Aside from numerous articles and essays on Davis, Tidwell previously edited Davis' memoirs, "Livin' the Blues," in 1992, and compiled a collection of Davis' poetry, "Black Moods: Collected Poems," in 2002.
"I've done more work on Davis than anyone in the country," Tidwell explained.
"Montage of a Dream: the Art and Life of Langston Hughes" grew out of a column Tidwell wrote for a literary magazine. Long after the article was written, it still hadn't appeared. When Tidwell inquired about it, he learned the publication was going out of business. He then approached an editor about working on a book that would include such essays.
"It is the first major reconsideration of Langston since 1972," Tidwell said of his work with Ragar. "One of the things we tend to do when we attempt to look at the familiar things is to see things in a simplified way.

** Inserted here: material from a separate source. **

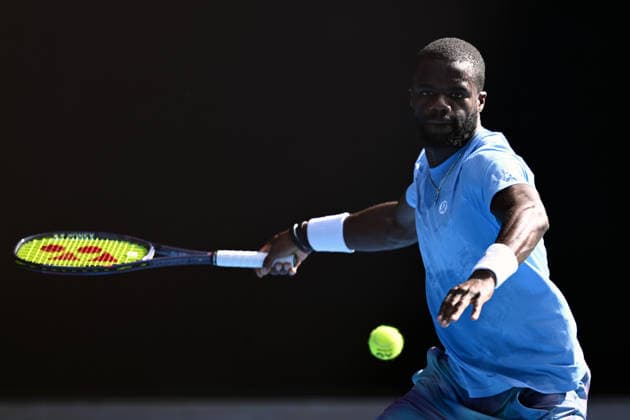 TENNIS AUSTRALIAN OPEN, Frances Tiafoe of the US in action against Novak Djokovic of Serbia during a charity match ahead of the Australian Open tennis tournament at Melbourne Park in Melbourne, Thursday, January 15, 2026. ( NO ARCHIVING, EDITORIAL USE ONLY MELBOURNE VICTORIA AUSTRALIA  Copyright: xJOELxCARRETTx 20260115121443807294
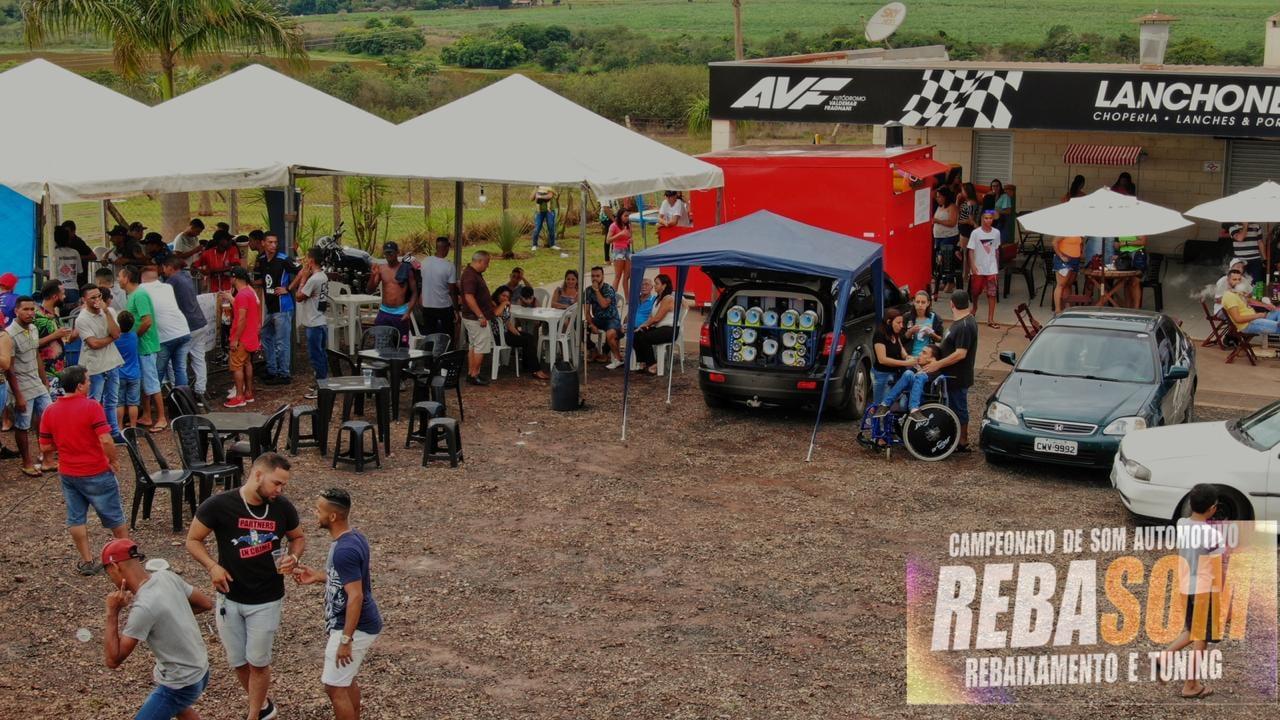 Campeonato de carros rebaixados é novidade no encontro de som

One of the things we present is Langston Hughes was a very complicated man. He seems to be so transparent, so accessible yet we make some assertions about Langston that are really path-blazing. We interrogate things by bringing out a lot of subtleties about him. We've pushed the research ahead for a few years ahead.''
In his own article in the volume, "The Sounds of Silence: Langston Hughes as a 'Down Low' Brother?," Tidwell discusses Hughes' sexual orientation and its effect - or lack of effect - on his writings.
"I'm urging scholarly caution," Tidwell said. "Many people are claiming Langston for their own ideological or political needs. Langston put up walls. Sure he loved to chat and smoke and drink, but there came a point in which he would not allow you into his soul and heart."

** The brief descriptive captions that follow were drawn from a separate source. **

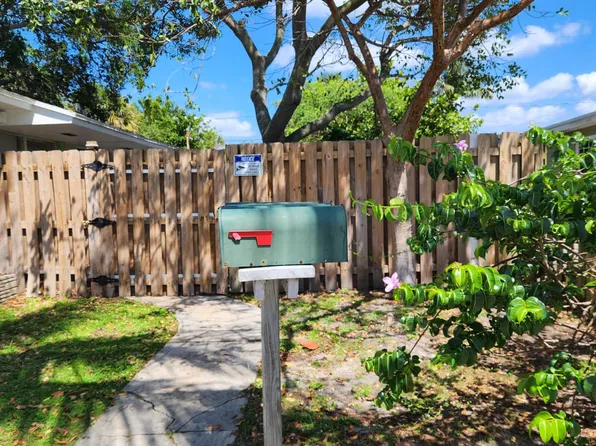 224 S J St APT 1, Lake Worth, FL 33460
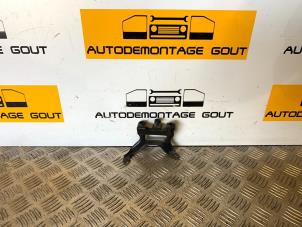 Usados Soporte (varios) Audi TT Roadster (8N9) 3.2 V6 24V Quattro Precio € 9,95 Norma de margen ofrecido por Autodemontage Gout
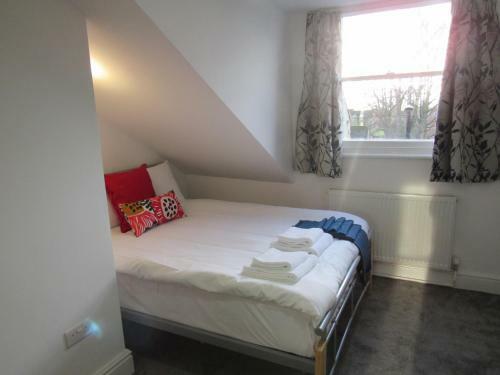 Hostal The Tas Suites - Tas Accommodations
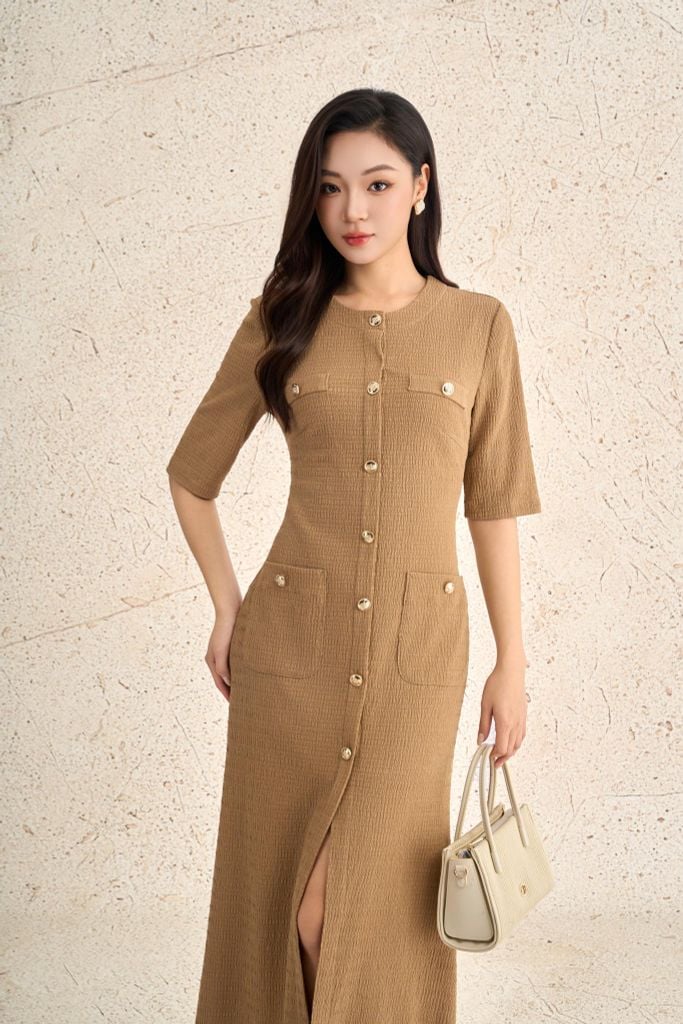 FDC35341 - Đầm công sở vải thô chun dáng ôm cổ tròn tay lửng thân váy có túi đính khuy đá tạo kiểu xẻ tà trước - PANTIO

So the question of Hughes' sexual orientation may distract readers from his work, Tidwell said.
"Why do we need this information?" Tidwell asked. "When people try to impose their own beliefs to his work, it's not really about the work any more."
Sterling A. Brown
Probably Tidwell's most significant accomplishment of the three books is the work he and Sanders did to complete Sterling A. Brown's collection of narratives in "A Negro Looks at the South."
The Harvard and Oxford-educated Brown spent decades interviewing blacks in the South for what he dreamed would be a comprehensive view of the lives of "ordinary folk." Brown produced volumes of poetry, edited books and presented numerous papers on the subject, but when the Howard University professor died in 1989, his ultimate task remained unfinished. Tidwell and Sanders' book completes that work.
"It's been 10 years in the making," Tidwell said.
Together, he and Sanders sifted through Brown's work, researched and authenticated his efforts and maneuvered through political and legal roadblocks to bring the book to print.
"Editing has been like a marriage," Tidwell said. "If you find the right person, you find someone who compliments your efforts."
Tidwell still is at work on Brown's biography, "Oh, Didn't He Ramble: A Life of Sterling A. Brown," and is co-editing a collection of Brown's essays, "After Winter: Essays on the Art and Life of Sterling A. Brown," with University of Massachusetts professor Steven Tracy.
"When I finish the biography and the essays, then I truly will have completed this project," Tidwell chuckled.